··· Provided data ···

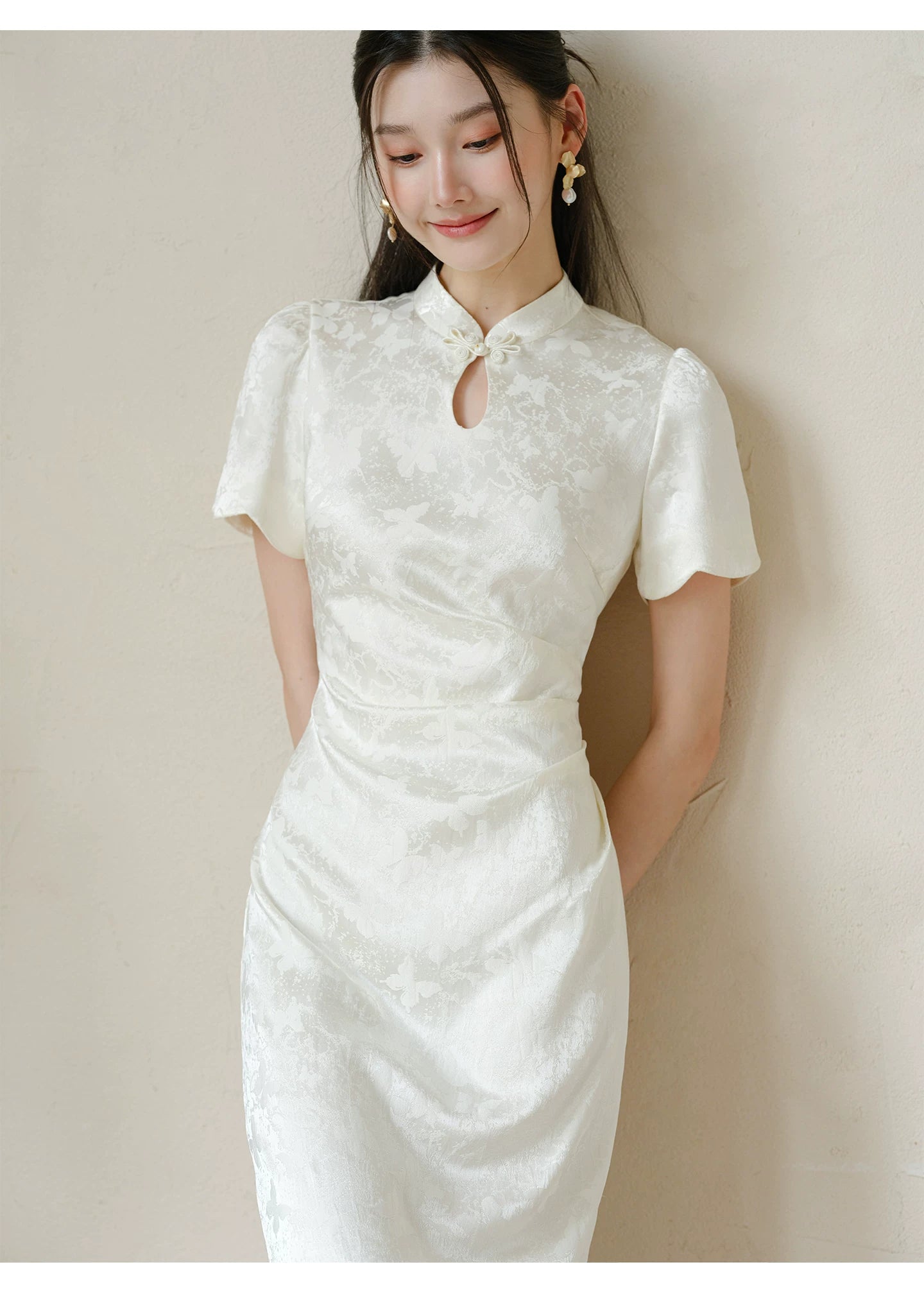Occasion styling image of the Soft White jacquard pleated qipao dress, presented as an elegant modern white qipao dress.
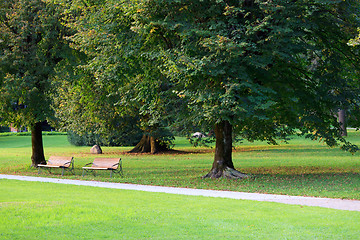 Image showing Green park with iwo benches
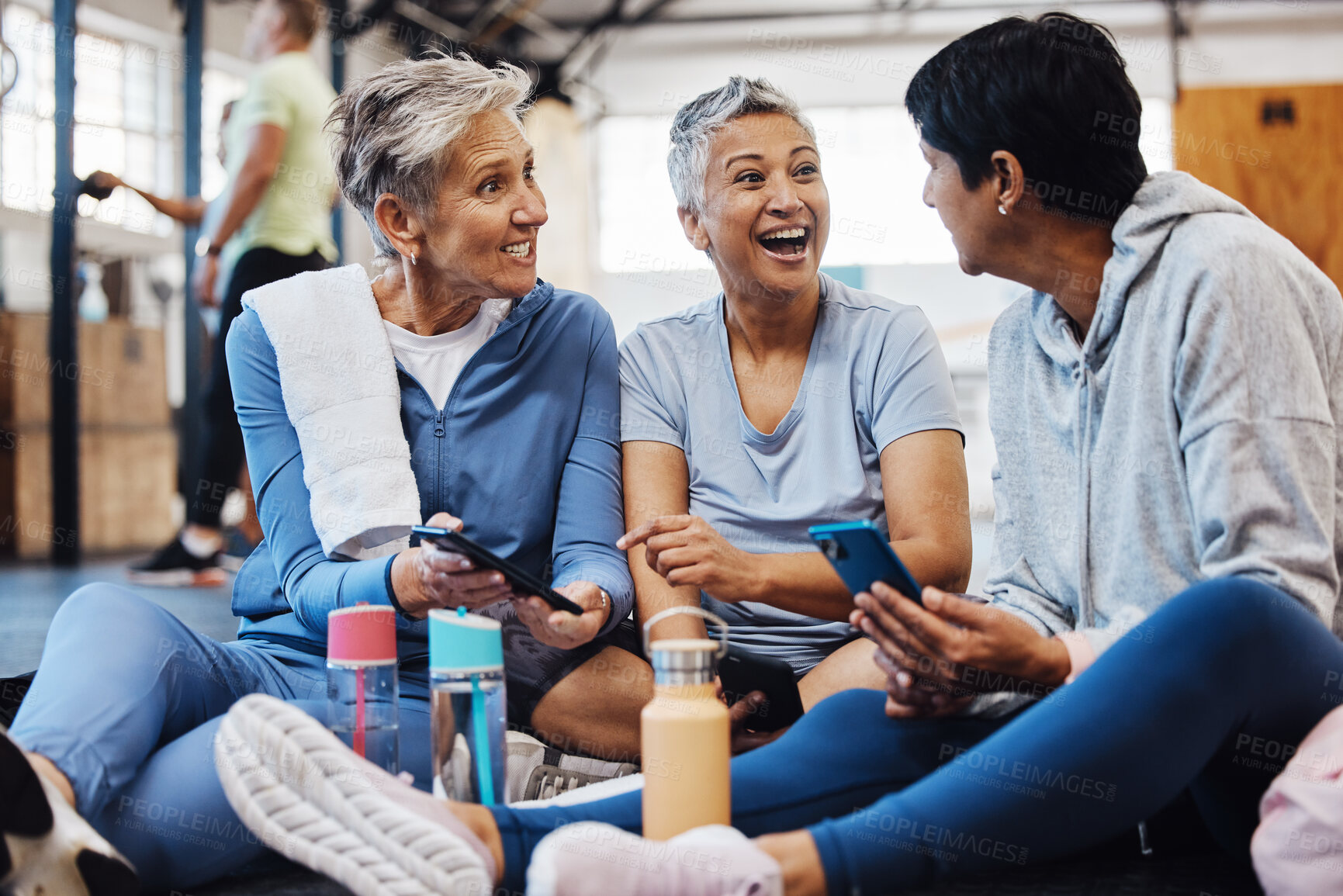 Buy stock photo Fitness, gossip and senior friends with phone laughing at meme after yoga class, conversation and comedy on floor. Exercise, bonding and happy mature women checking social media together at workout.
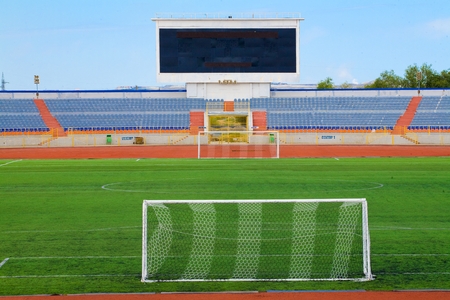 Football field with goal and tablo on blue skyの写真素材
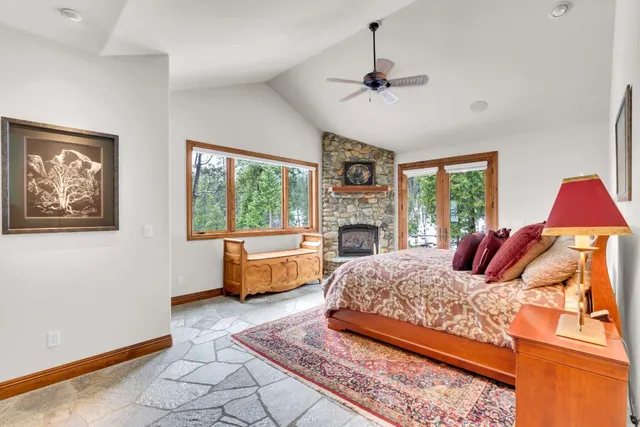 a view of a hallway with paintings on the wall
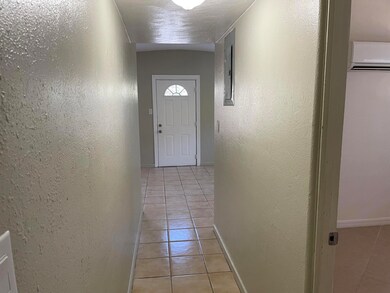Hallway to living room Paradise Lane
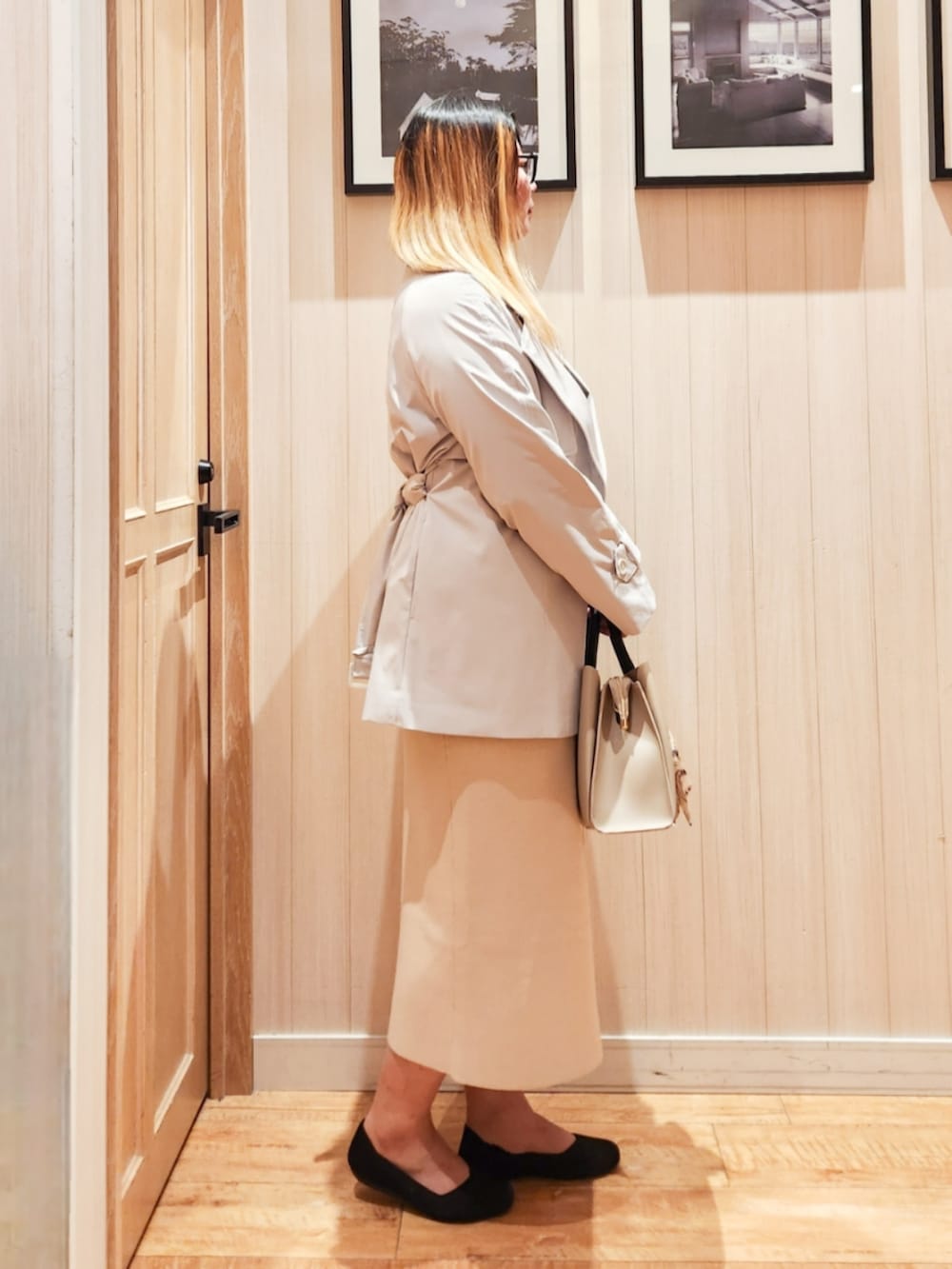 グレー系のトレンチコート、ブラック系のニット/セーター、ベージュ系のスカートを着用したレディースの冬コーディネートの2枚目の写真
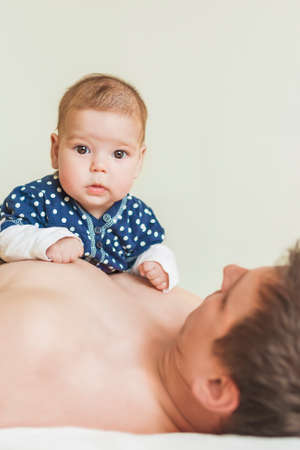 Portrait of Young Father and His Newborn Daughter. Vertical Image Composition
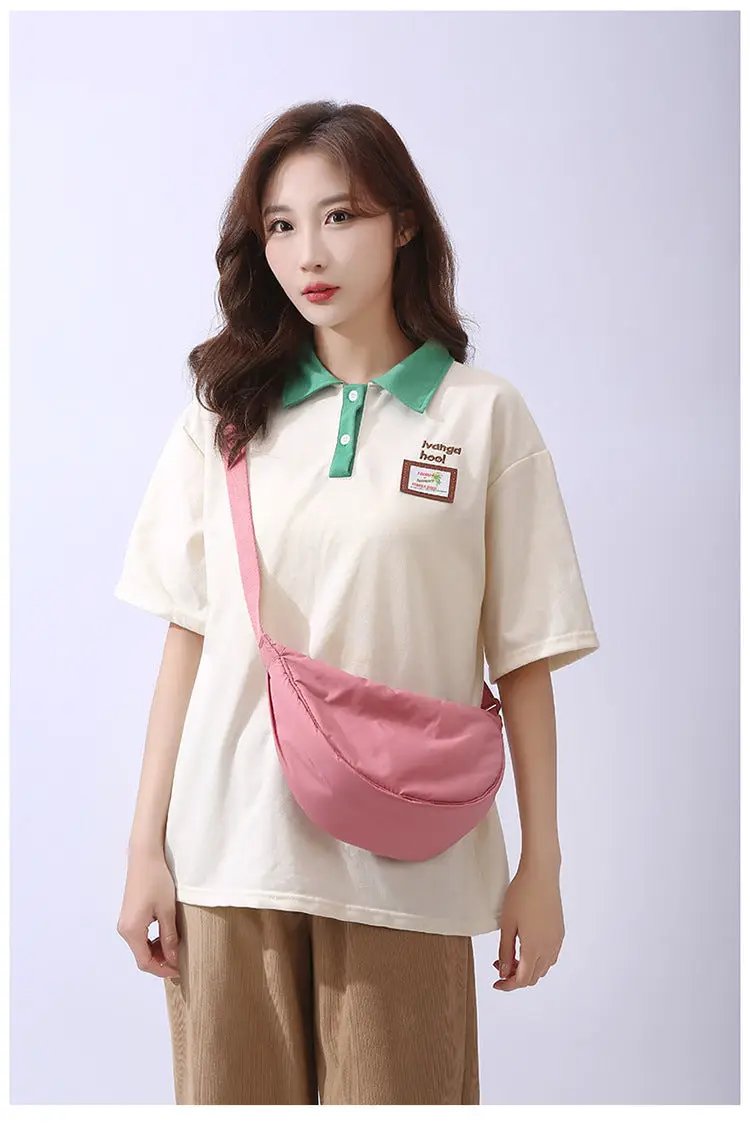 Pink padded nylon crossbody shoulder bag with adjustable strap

···

What you have to do: When you retype the material above, keep every word exact and drop the images.

Solution to this problem:
Occasion styling image of the Soft White jacquard pleated qipao dress, presented as an elegant modern white qipao dress.
 Image showing Green park with iwo benches
 Buy stock photo Fitness, gossip and senior friends with phone laughing at meme after yoga class, conversation and comedy on floor. Exercise, bonding and happy mature women checking social media together at workout.
 Football field with goal and tablo on blue skyの写真素材
 a view of a hallway with paintings on the wall
Hallway to living room Paradise Lane
 グレー系のトレンチコート、ブラック系のニット/セーター、ベージュ系のスカートを着用したレディースの冬コーディネートの2枚目の写真
 Portrait of Young Father and His Newborn Daughter. Vertical Image Composition
 Pink padded nylon crossbody shoulder bag with adjustable strap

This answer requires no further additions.